Take each line in the entries below that holds "will" and show it.

Available data:

**********

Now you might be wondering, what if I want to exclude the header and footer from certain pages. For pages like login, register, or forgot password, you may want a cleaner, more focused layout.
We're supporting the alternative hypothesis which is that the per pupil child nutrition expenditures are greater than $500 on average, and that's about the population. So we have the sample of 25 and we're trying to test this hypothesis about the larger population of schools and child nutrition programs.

**********

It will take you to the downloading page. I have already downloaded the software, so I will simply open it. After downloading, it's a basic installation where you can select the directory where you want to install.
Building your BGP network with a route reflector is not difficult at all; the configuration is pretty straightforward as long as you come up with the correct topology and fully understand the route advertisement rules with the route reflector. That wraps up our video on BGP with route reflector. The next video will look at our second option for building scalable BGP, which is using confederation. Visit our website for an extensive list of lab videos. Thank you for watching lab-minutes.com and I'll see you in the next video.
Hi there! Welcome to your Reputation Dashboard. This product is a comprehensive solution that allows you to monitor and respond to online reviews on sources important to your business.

**********

Task output:
It will take you to the downloading page. I have already downloaded the software, so I will simply open it. After downloading, it's a basic installation where you can select the directory where you want to install.
Building your BGP network with a route reflector is not difficult at all; the configuration is pretty straightforward as long as you come up with the correct topology and fully understand the route advertisement rules with the route reflector. That wraps up our video on BGP with route reflector. The next video will look at our second option for building scalable BGP, which is using confederation. Visit our website for an extensive list of lab videos. Thank you for watching lab-minutes.com and I'll see you in the next video.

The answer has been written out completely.